- YOUR ASSIGNMENT:
Restate the following records word for word without images.

- DATA EXTRACT:
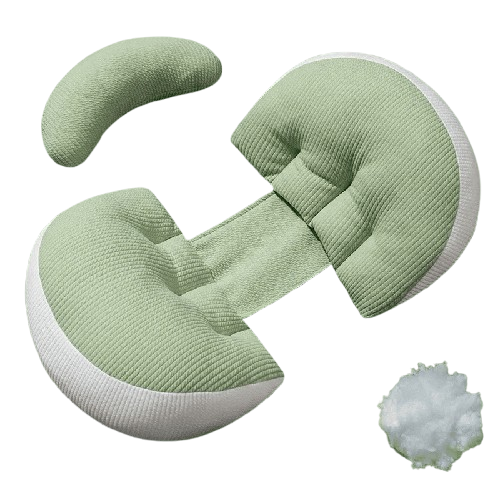Coussin de Maternité - Vert Pâle & Confort Lombaire - Coussin Deco
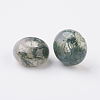 Natural Indian Agate European Beads X-G-G740-14x8mm-11-2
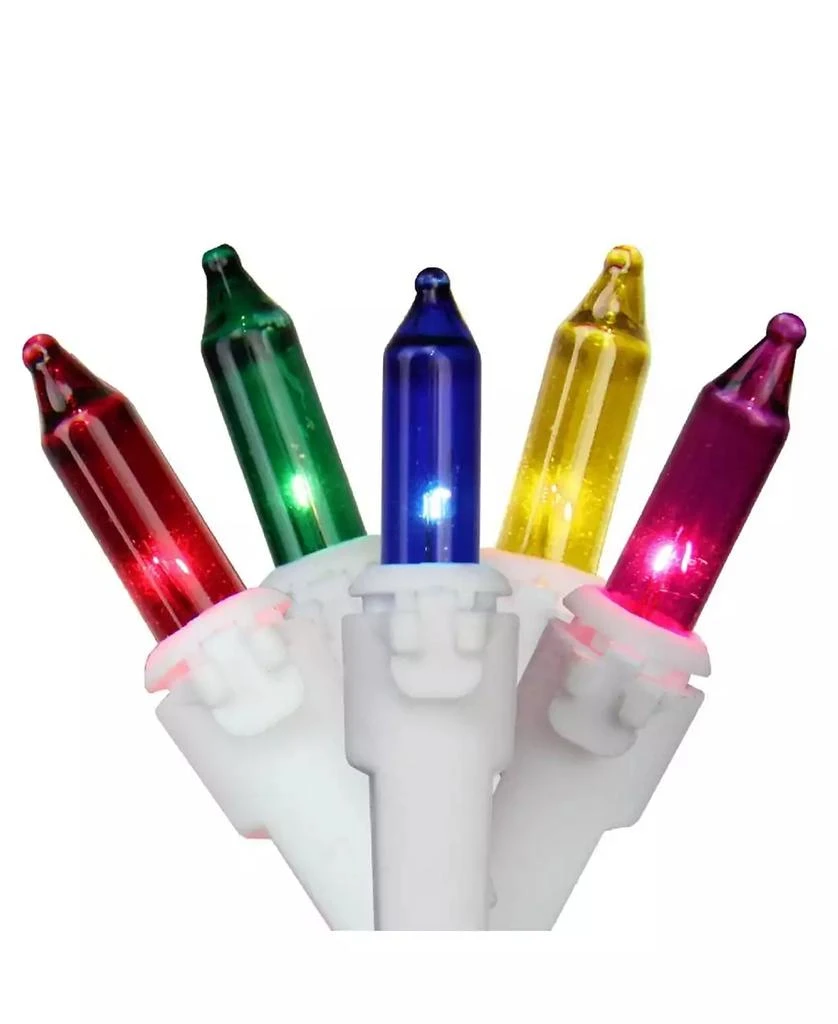 商品Northlight|Set of 50 Bright Multi-Color Mini Window Curtain Icicle Lights - White Wire,价格¥141,第1张图片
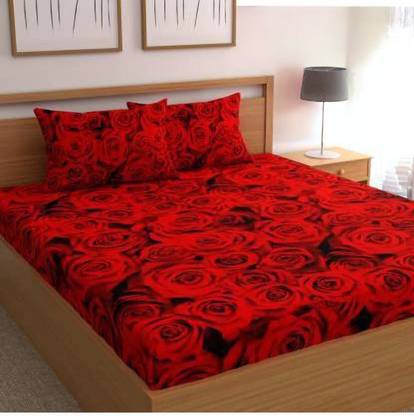 CREATURE 486 TC Cotton Double Printed Flat Bedsheet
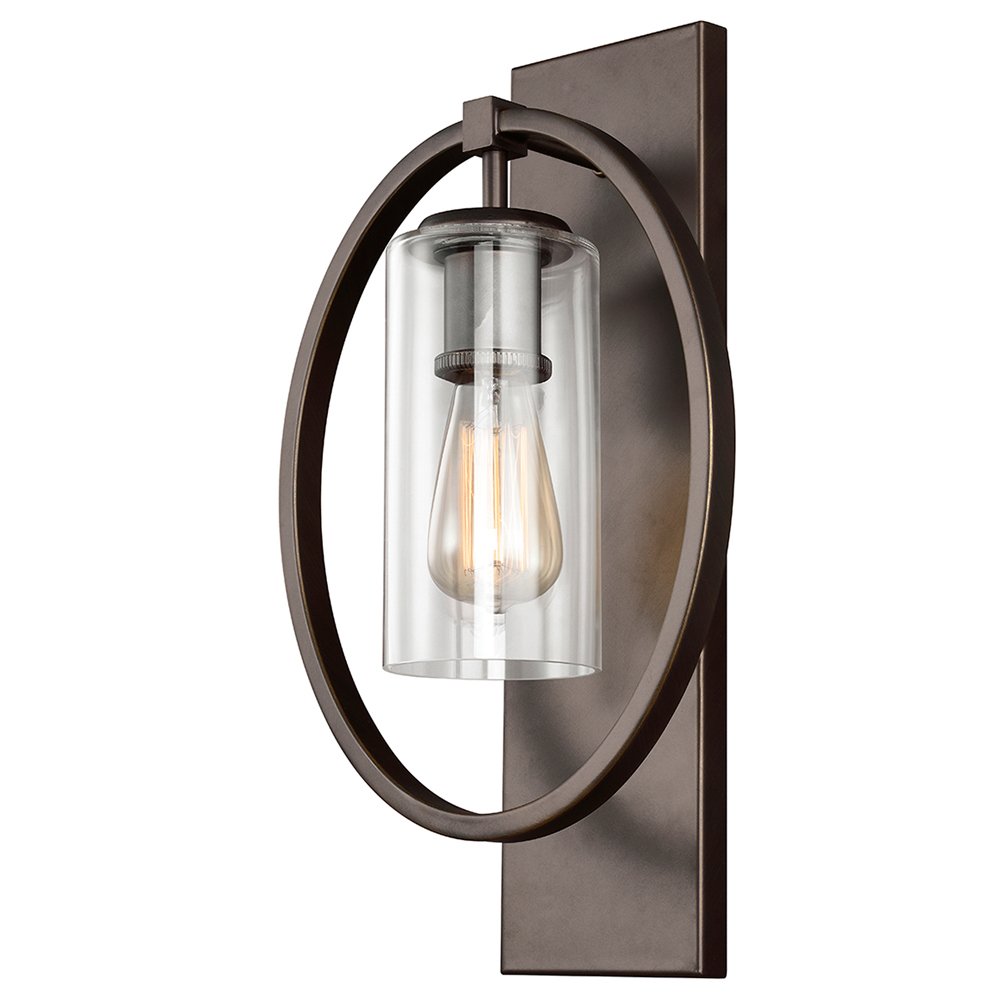 SELSEY Kinkiet ścienny Mirly w okręgu brązowy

- EXERCISE RESPONSE:
Coussin de Maternité - Vert Pâle & Confort Lombaire - Coussin Deco
 Natural Indian Agate European Beads X-G-G740-14x8mm-11-2
 商品Northlight|Set of 50 Bright Multi-Color Mini Window Curtain Icicle Lights - White Wire,价格¥141,第1张图片
 CREATURE 486 TC Cotton Double Printed Flat Bedsheet
 SELSEY Kinkiet ścienny Mirly w okręgu brązowy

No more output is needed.